> **DATA EXTRACTS**:
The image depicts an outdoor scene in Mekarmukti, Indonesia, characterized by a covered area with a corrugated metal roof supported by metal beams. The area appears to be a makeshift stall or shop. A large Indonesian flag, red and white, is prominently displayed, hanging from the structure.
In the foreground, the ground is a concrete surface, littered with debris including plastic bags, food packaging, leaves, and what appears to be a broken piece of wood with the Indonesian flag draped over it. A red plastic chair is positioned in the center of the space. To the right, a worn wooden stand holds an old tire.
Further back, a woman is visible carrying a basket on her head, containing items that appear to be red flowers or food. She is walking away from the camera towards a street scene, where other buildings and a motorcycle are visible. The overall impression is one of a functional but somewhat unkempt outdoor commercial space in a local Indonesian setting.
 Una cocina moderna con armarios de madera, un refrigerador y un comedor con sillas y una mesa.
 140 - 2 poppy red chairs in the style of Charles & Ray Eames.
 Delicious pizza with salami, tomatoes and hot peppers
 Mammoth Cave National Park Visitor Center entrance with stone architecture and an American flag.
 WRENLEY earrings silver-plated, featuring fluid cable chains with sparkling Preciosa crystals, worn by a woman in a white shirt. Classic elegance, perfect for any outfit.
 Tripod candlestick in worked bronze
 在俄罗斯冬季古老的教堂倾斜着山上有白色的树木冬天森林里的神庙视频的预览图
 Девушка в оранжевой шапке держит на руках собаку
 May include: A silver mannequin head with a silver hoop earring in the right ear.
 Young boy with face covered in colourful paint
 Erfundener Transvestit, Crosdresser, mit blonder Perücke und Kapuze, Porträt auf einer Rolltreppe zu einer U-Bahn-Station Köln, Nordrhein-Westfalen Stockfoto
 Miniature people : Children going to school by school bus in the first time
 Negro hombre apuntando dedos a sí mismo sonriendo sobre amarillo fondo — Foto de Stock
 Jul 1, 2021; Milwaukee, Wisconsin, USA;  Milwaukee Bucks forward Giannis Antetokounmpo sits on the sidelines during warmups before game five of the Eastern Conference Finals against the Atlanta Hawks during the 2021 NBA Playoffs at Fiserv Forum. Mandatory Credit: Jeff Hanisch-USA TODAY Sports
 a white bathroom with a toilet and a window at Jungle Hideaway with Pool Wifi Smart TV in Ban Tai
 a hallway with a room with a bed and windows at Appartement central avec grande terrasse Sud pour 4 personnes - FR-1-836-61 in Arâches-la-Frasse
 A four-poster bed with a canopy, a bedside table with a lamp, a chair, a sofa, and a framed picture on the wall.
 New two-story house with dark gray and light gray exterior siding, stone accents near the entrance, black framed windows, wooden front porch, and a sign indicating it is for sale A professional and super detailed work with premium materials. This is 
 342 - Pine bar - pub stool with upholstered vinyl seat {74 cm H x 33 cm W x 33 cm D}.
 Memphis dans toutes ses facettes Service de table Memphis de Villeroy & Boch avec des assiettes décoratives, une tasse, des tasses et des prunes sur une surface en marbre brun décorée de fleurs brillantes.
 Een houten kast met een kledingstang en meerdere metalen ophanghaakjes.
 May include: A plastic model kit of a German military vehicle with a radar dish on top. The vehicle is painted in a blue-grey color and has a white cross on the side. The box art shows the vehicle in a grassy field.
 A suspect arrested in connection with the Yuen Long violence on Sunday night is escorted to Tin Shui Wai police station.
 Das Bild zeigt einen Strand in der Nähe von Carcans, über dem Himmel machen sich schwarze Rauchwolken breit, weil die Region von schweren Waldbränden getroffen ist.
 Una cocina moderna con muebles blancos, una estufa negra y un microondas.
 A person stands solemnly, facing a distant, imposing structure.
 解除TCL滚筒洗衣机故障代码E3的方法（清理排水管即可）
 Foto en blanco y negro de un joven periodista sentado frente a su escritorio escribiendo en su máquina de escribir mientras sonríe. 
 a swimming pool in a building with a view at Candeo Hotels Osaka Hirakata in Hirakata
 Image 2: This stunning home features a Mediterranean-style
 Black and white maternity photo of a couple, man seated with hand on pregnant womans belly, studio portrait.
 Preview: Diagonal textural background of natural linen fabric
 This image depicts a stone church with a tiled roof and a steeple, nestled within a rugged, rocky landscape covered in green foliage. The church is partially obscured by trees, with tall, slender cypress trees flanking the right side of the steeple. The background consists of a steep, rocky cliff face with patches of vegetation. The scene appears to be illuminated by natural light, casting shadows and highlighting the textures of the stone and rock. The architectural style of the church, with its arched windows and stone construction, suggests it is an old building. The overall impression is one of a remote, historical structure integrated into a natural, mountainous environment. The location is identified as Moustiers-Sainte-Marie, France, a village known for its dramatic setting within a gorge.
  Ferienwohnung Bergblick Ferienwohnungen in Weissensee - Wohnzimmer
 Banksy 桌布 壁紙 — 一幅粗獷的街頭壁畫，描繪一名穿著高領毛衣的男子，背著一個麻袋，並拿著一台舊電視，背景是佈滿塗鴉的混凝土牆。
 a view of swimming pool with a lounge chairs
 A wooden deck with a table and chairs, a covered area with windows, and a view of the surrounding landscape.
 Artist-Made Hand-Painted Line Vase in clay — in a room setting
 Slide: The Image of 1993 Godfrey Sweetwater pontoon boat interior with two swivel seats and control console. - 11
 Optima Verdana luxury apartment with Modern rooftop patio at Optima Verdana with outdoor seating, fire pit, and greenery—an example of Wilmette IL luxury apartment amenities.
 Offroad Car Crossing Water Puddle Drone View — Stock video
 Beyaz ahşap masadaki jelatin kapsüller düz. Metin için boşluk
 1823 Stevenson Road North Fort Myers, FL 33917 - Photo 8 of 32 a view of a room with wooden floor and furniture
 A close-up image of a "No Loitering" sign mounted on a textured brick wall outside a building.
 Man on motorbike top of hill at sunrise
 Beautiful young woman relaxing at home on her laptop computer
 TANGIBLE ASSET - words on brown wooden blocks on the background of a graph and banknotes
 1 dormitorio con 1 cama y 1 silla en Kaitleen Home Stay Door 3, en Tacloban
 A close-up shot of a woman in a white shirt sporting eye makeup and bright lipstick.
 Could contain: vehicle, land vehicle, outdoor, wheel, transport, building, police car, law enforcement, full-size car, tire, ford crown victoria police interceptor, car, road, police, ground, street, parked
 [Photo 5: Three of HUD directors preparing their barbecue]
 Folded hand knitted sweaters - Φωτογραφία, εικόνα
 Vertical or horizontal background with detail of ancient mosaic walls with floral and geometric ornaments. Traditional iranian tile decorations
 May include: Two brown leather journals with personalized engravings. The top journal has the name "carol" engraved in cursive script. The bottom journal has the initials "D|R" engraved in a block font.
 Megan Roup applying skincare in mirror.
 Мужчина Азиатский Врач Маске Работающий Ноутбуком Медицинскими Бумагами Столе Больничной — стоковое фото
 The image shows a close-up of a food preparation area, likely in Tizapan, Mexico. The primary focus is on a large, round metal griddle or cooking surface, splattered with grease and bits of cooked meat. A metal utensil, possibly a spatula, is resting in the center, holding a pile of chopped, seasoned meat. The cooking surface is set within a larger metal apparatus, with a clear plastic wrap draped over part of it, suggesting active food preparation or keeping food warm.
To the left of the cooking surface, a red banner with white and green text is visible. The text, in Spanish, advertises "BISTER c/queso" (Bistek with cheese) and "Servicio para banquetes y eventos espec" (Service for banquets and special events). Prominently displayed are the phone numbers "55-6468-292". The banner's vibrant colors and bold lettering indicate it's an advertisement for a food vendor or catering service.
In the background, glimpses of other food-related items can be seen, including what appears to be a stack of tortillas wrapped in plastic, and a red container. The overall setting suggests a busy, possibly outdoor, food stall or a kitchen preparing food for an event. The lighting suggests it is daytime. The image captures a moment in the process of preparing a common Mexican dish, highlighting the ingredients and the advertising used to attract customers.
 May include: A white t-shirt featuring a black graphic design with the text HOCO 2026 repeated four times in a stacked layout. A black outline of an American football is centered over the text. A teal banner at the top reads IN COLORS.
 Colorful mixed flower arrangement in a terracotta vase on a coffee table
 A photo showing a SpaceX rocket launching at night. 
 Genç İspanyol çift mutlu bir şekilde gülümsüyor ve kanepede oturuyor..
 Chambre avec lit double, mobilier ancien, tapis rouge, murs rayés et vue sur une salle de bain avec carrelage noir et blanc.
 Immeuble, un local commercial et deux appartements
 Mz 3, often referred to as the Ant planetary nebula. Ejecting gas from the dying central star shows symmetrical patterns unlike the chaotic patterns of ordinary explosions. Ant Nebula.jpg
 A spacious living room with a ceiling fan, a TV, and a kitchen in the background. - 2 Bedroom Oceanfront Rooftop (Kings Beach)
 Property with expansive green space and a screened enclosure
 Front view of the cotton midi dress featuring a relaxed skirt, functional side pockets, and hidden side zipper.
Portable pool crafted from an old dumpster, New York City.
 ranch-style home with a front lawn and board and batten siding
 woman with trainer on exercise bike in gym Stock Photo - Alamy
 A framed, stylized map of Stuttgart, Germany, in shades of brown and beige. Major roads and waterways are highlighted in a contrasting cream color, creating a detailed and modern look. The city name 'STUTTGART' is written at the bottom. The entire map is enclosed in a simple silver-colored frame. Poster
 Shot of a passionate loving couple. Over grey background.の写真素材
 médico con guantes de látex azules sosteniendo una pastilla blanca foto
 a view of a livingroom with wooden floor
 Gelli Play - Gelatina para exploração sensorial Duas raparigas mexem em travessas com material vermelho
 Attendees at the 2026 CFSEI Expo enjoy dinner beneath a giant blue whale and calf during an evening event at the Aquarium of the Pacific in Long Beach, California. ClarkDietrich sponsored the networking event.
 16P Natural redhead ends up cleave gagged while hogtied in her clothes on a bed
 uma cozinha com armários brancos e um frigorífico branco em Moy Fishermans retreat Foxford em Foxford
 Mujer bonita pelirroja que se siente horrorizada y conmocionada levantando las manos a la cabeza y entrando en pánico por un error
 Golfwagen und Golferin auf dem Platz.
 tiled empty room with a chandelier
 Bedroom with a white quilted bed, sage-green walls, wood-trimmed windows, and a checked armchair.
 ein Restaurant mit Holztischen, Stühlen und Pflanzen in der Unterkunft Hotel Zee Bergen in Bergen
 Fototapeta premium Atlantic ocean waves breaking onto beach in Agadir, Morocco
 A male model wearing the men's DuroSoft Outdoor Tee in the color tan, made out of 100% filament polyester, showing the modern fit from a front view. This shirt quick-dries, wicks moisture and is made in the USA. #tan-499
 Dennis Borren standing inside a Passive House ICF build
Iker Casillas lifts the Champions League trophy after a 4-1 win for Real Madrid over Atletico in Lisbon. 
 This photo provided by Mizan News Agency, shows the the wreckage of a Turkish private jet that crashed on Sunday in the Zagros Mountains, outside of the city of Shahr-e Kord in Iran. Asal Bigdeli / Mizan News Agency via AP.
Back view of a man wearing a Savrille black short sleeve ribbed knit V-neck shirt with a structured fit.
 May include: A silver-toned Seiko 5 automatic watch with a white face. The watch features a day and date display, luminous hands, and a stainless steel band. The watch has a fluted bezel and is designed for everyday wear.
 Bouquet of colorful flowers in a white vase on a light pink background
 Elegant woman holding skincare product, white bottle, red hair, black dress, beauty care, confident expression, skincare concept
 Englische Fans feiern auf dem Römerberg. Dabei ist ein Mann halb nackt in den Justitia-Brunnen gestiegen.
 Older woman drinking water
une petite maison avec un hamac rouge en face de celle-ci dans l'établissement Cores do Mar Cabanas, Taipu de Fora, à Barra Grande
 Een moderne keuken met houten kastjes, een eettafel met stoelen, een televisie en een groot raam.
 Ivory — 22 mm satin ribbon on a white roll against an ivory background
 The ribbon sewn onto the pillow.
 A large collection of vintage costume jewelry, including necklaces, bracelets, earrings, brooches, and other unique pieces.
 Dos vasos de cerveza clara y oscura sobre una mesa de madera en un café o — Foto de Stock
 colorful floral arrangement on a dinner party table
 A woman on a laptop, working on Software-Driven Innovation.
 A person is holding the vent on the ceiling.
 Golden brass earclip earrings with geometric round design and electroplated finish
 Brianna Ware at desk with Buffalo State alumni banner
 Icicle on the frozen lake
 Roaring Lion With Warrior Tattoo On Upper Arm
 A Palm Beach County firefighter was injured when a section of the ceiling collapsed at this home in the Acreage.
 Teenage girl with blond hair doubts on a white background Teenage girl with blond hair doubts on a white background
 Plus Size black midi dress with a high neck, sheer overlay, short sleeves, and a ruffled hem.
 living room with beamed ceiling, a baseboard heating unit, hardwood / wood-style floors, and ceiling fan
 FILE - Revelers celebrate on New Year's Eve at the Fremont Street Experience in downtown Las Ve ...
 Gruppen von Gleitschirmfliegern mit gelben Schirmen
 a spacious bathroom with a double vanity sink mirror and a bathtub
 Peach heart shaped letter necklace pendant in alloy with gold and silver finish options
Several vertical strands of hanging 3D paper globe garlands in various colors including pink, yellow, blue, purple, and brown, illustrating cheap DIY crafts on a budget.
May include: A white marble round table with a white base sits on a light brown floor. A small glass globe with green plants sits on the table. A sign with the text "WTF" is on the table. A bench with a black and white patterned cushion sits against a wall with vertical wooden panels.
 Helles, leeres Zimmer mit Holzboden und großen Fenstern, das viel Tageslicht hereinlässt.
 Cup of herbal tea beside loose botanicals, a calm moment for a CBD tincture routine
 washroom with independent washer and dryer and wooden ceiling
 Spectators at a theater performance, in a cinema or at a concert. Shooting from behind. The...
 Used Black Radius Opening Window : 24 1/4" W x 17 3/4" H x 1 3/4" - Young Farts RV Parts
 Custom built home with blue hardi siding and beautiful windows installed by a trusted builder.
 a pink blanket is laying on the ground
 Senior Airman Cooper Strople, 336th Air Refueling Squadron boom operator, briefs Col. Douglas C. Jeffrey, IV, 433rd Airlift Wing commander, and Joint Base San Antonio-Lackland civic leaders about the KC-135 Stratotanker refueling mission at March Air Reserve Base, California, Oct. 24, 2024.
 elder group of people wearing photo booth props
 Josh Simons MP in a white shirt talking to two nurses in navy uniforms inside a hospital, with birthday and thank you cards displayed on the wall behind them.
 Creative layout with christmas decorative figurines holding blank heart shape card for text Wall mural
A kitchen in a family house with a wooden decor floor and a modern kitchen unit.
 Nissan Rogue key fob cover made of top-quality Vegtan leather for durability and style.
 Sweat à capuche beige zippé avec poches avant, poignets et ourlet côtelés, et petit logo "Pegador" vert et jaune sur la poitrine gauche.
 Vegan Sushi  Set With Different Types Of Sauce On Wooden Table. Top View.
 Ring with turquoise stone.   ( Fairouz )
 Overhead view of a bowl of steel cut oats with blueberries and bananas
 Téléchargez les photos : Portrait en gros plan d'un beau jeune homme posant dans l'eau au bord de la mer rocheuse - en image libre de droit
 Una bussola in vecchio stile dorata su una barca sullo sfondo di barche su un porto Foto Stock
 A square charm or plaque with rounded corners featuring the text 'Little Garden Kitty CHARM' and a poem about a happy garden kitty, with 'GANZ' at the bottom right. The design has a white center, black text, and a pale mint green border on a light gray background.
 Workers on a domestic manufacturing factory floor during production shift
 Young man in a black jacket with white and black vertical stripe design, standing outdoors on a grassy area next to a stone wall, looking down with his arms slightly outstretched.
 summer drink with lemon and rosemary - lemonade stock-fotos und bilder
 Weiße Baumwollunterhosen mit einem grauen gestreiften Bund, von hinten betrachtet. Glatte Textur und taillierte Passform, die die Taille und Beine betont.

> **TASK PROMPT**:
Return, unchanged, the run of lines above that opens with the line containing "Overhead view of" and closes with the line containing "Una bussola in". Include both.

> **TASK RESULT**:
 Overhead view of a bowl of steel cut oats with blueberries and bananas
 Téléchargez les photos : Portrait en gros plan d'un beau jeune homme posant dans l'eau au bord de la mer rocheuse - en image libre de droit
 Una bussola in vecchio stile dorata su una barca sullo sfondo di barche su un porto Foto Stock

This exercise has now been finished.